Director Terry Zwigoff put GHOST WORLD together after meeting with Clowes while in search of a movie to follow up his highly successful documentary CRUMB.
"After CRUMB came out I was getting all these screenplays and I didn't think they were very well written," Zwigoff says. "Dialogue wasn't very good, character wasn't very good. I like John Huston films like THE ASPHALT JUNGLE, and films today are so contrived and targeted to just the dumbest creatures in America, the whole culture is sort of dumbed down. I just couldn't connect with any of these scripts. Then we watched a particularly bad film that I don't remember now but I said, 'Jesus Christ, I can do better than this.'"
Zwigoff's wife suggested filming the GHOST WORLD comic, but when the director checked it out he didn't find an identifiable plot.

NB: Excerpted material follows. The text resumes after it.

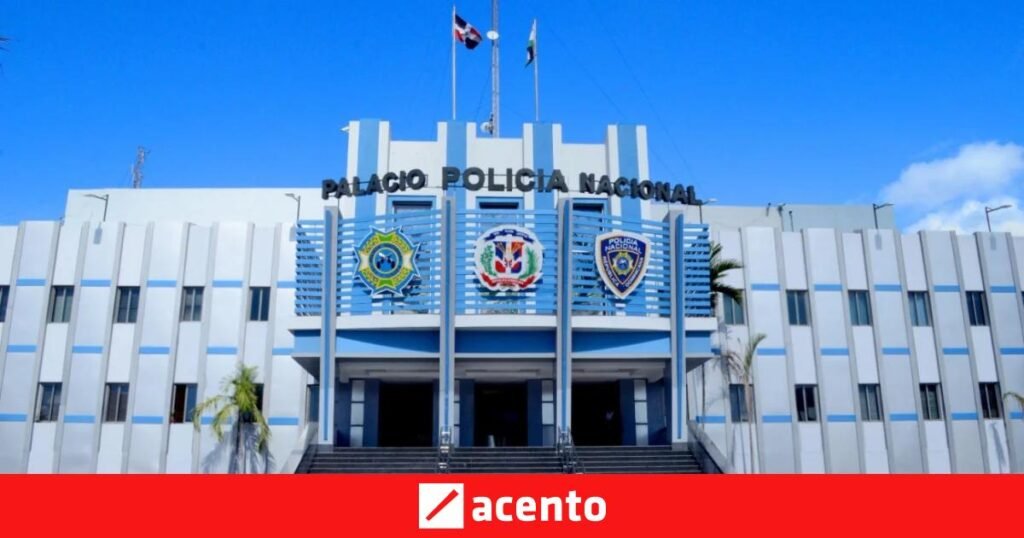 Muere sospechoso de rapto en operativo policial y queda abierta la exigencia de respuestas sobre el caso en Santo Domingo Este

THORA BIRCH (right) and SCARLETT JOHANSSON star in United Artists Films' dark comedy GHOST WORLD.
© 2001 United Artists Films
"It's got these two characters that are great and this strong weird mood to it, but it was great as a comic and I didn't think it would work as a film. But I met with Dan and I liked him right away. He was very funny, which was important to me, and we seemed to share a sensibility, and I suggested writing this screenplay together."
The result according to Zwigoff is a loose adaptation that captures the spirit more than the details of GHOST WORLD.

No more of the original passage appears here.